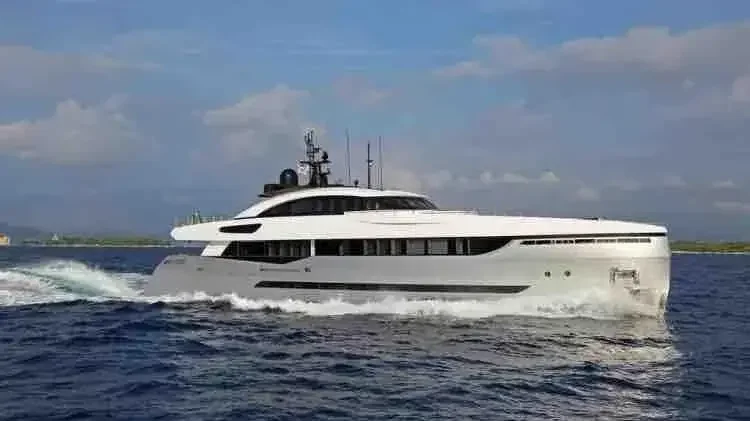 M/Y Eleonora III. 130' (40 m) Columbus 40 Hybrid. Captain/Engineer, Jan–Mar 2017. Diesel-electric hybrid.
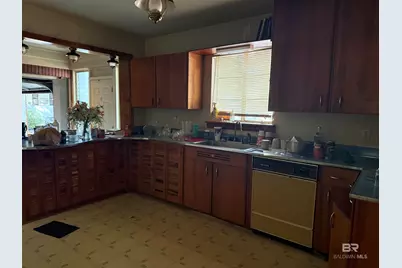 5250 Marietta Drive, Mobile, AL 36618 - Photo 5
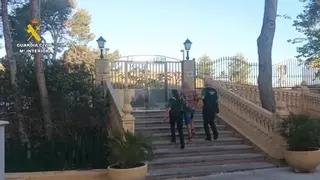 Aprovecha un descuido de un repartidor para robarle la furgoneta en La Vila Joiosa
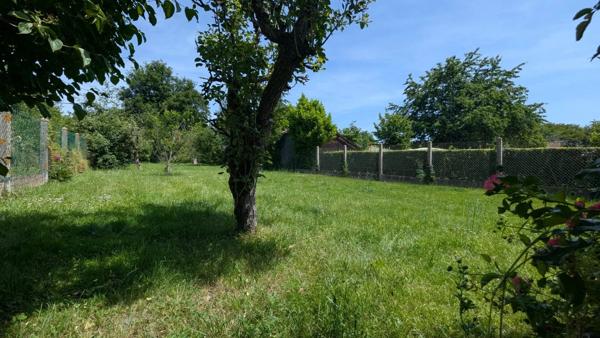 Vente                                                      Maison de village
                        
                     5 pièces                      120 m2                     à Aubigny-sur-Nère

-----

Exercise brief: None of the images should be copied, but every entry must be given again exactly.

Task result:
 M/Y Eleonora III. 130' (40 m) Columbus 40 Hybrid. Captain/Engineer, Jan–Mar 2017. Diesel-electric hybrid.
 5250 Marietta Drive, Mobile, AL 36618 - Photo 5
 Aprovecha un descuido de un repartidor para robarle la furgoneta en La Vila Joiosa
 Vente                                                      Maison de village
                        
                     5 pièces                      120 m2                     à Aubigny-sur-Nère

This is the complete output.